For months, the predicted pullback in real estate has failed to materialize. But the market’s peak might finally be in sight, turning attention to the depth of the downside ahead.
In the back half of this year, we’ll see the real estate market cool quite materially,’ said Derek Holt, vice-president of economics at Scotia Capital.
On a seasonally adjusted basis, the average price of a Canadian house rose to $357,000 last month, an increase of 3.9% over the previous month, according to figures released by the Canadian Real Estate Association. On the same basis, sales activity rose 4.5%.
The urgency with which homebuyers are closing deals can be explained, at least in part, by impending market changes.
In response to rising yields in the bond market, lenders are beginning to raise the cost of borrowing.
Additionally, stiffer rules for mortgage lending are set to come into effect next month, lowering the maximum amortization from 35 years to 30 and requiring borrowers to meet a more stringent test by qualifying for a fixed-rate plan.
I expect that to be a pretty sizeable force,’ Mr.

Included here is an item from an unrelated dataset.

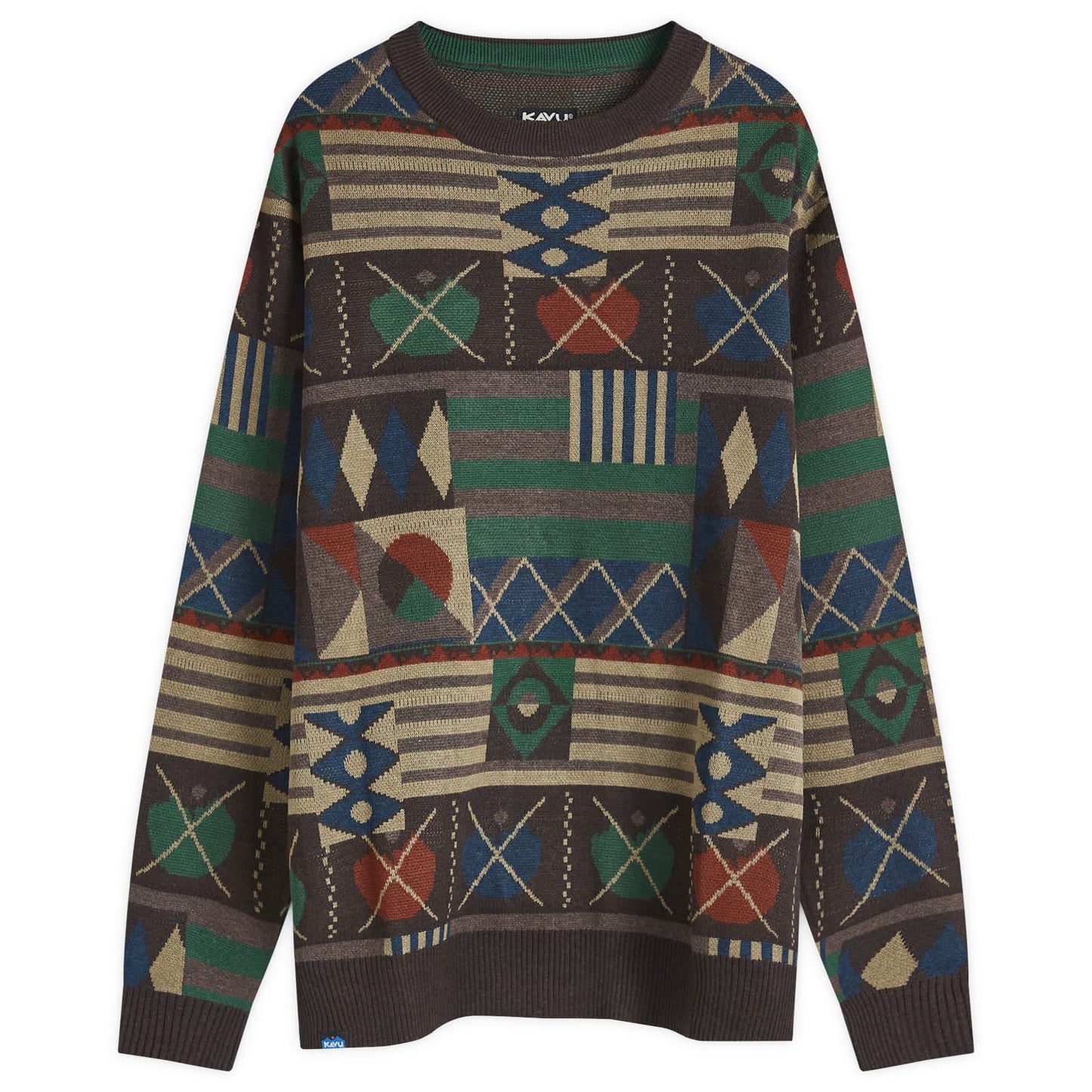 Highline Jacquard Crew Neck Jumper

Holt said.
Already, consumers are looking to lock into mortgage agreements under the looser conditions, said Vince Gaetano, a principal broker with Monster Mortgage.
Those with a pre-approval who fail to act in time might have to accept a higher rate or settle for a smaller home, Mr. Gaetano said. He expects invigorated buying activity right up until the day the rules change.
That last week is going to be an interesting one,’ he said.
Until the market absorbs the changes, CREA has asked the federal government to hold off on any more mortgage revisions.
It will take some time before the longer term impact of the latest mortgage regulations on the housing market can be known,’ CREA president Georges Pahud said in a release.